Perhaps there was too much fun, and not enough advanced C coding, as one attendee implied. My original intent is to walk through a real implementation in the order I coded it, warts and all, but over 50% got cut for time. After all, it took me 15 minutes in my BoF session just to run through the implementation of ccan/foreach. (Hi to the three people who attended!).
So I ended up doing a fair bit of waving at other code (yes, mainly in CCAN: if I have a useful trick, I tend to put it there). Here's the bullet-point version of my talk with links:
- CCAN is a CPAN-wannabe project for snippets of C code.
- Your headers should be a readable and complete reference on your API.
- Code documentation should be human readable and machine processable (eg. kerneldoc), but extracting it is a waste of time. See above.
- Your headers should contain example code, and this should be compile tested and even executed (ccanlint does this).
- Perl's TAP (Test Anything Protocol) has a C implementation which is easy to use.
- You can write a better ARRAY_SIZE(arr) macro than "sizeof(arr)/sizeof((arr)[0])", using gcc extensions to warn if the argument is actually a pointer, not an array.
- I got bitten by strcmp()'s usually-wrong return value after coding in C for ten years. I suggest defining a streq() macro.
- It is possible, though quite difficult, to implement a fixed-values iterator macro, aka. foreach. It's even efficient if you have C99.
- Making functions return false rather than exit, even if the caller can't really handle the failure, makes for easier testing.
- Making your functions use errno is a bonus, though its semantic limitations are definitely a two-edged sword.
- A common mistake is to call close, fclose, unlink or free in error paths, not realizing that they can alter errno even if they succeed.
- Never think to write malloc-fail-proof code without testing it thoroughly, otherwise you haven't written malloc-fail-proof code.
- You can test such "never-happen" failure paths automatically by forking; make sure you give a nice way to get a debugger to the fail point though, and terminate failing tests as early as possible.
- There are libraries to make option parsing easier than getopt; popt and ccan/opt are two.

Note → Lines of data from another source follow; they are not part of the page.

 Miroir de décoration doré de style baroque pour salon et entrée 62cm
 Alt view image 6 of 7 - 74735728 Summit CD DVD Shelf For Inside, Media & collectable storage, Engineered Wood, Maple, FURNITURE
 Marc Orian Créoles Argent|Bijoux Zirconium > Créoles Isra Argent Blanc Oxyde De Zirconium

- You can use macros to provide typesafe callbacks rather than forcing callbacks to take void * and cast internally; the compiler will warn you if you change the type of the callback or callback parameter so they no longer match.
- Do not rely on the user to provide zero'd terminators to tables: use a non-zero value so you're much more likely to catch a missing terminator.

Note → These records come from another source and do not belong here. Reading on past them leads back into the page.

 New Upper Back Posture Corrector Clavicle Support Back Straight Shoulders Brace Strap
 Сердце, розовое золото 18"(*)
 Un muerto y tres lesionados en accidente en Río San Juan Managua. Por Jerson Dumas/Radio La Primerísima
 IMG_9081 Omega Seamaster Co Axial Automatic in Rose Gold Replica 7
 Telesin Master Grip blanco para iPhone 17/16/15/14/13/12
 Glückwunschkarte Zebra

- Use talloc for allocation.
- Don't return a void * as a handle, even if you have to make up a type. Your callers' code will be more typesafe that way.

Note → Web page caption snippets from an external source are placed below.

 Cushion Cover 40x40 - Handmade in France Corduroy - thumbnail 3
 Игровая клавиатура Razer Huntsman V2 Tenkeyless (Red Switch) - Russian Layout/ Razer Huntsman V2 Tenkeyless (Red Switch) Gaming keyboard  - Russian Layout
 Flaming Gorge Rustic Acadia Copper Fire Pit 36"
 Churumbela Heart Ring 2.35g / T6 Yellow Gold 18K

- Don't use global variables in routines unless it's clearly a global requirement: keep everything in the handle pointer.
- Valgrind is awesome. Valgrind with failtesting is invaluable for finding use-after-free and similar exit-path bugs.
- Fixing a test doesn't mean your program doesn't suck. I "fixed" a one-client-dies-while-another-is-talking-to-it by grabbing another client; that's stupid, though my test now passes.
- Don't do anything in a signal hander; write to a nonblocking pipe and handle it in your event loop.
- The best way to see why your program is getting larger over time is to use talloc_report() and see your allocation tree (you can use gdb if you need, a-la Carl Worth.
- You might want to do something time-consuming like that in a child; remember to use _exit() in the child to avoid side-effects.
- There are at least two tools which help you dump and restore C structures: genstruct and cdump (coming soon, it's in the talk's git tree for the moment). Both are very limited, though cdump is still being developed.
- You can use a dump/exec/restore pattern to live-upgrade processes; forking a child to test dump and restore is recommended here!
- If your restore code is well-defined for restoring fields that weren't dumped, you can make significant code modifications using this pattern.
- You can use C as a scripting language with a little boilerplate. Use "#if 0" as the first line, followed by the code to recompile and exec, then "#else" followed by the actual code. Make it executable, and the shell will do the right thing.
- You can use gdb to do just about anything to a running program; script it if you can't afford to have it stopped for long.
- The best hash algorithm to use is the Jenkins lookup3 hash (there's a ccan/hash convenient wrapper too).
- The best map/variable array algorithm to use is Judy arrays (much nicer with the ccan/jmap wrapper).
That was all I had room for; there was none for questions, and even the last two points were squished onto the final "Questions?" slide.